I know this one is a (very) old post, but liked your discovery...
If you (still) like the Kora, I'd like to introduce you to Djeli Moussa Diawara (also known as Jali Musa Jawara in some Western countries), who briefly appeared in Spike's comment.
Unfortunately, I can't listen to his track...
To make a long story short, I'm Djeli's new manager and I've been working on his "past" to build a musical memory of his works.
The track Spike posted, comes from a '85 LP, recorded in Abidjan with Johnny Copeland. Unfortunately, nor Djeli nor me have been able to listen to this track, even if, a few days ago, I was able to buy a used LP I cannot listen to yet... Right after the recording, Copeland's staff flew back to USA, and Djeli just kept this track in his memory and never listened to the released version...

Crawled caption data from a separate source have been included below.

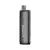 OXVA ONEO pod kit- Sky Blue, Oneo oxva: Space Grey OXVA ONEO pod kit- Sky Blue, Oneo oxva: Space Grey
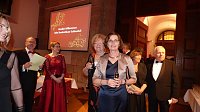 Bild: Schlossball 2017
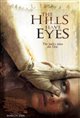 The Hills Have Eyes Movie Poster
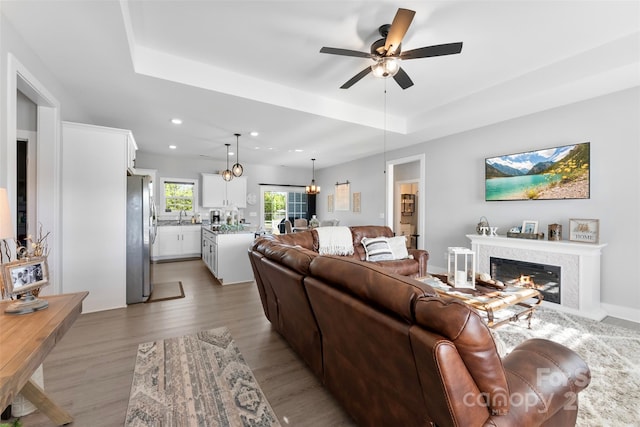 2173 Smith Rd, Clover, SC 29710 - photo 4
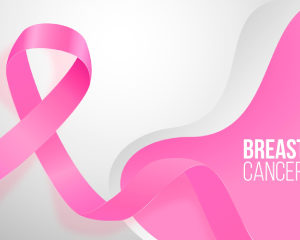 Breast Cancer Awareness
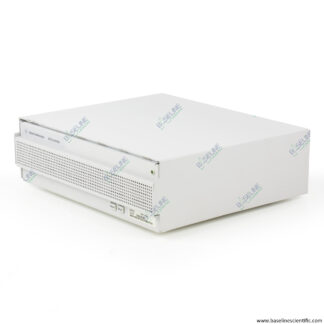Agilent G2912A ALS Controller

Djeli (from Guinea and now living in France) plays a 32-stringed traditional or electric Kora, where usually they only have 21 strings. He's well known as the founder of Kora Jazz Trio, a group where Jazz and Mandingo music are mixed... Djeli played music with many other reknown artists (Carlos Santana, Ali Farka Toure...)

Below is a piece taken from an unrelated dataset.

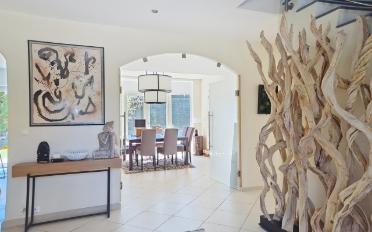 Maison 6.5 pièces - image - 4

We've been working hard on his 8th album, that should be released before the end of 2009. If you'd like to listen to various tracks (including some from his 1st album from 1983), please visit Djeli's blog : www.djelimoussadiawara.com
Sincerely
DJM
So glad you saw my post and responded. At one point I had what I think was Djeli Moussa Diawara's first album on vinyl, an English pressing, I think. Seems like it was 20 years ago. Anyway, it was lost in a move (along with some other records I cherished) and I still recall it fondly. It's great to hear he's still making music and questing. I will definitely spend some time at his blog. I hope you decide to become a regular visitor - and, better yet, a contributor - to MOG.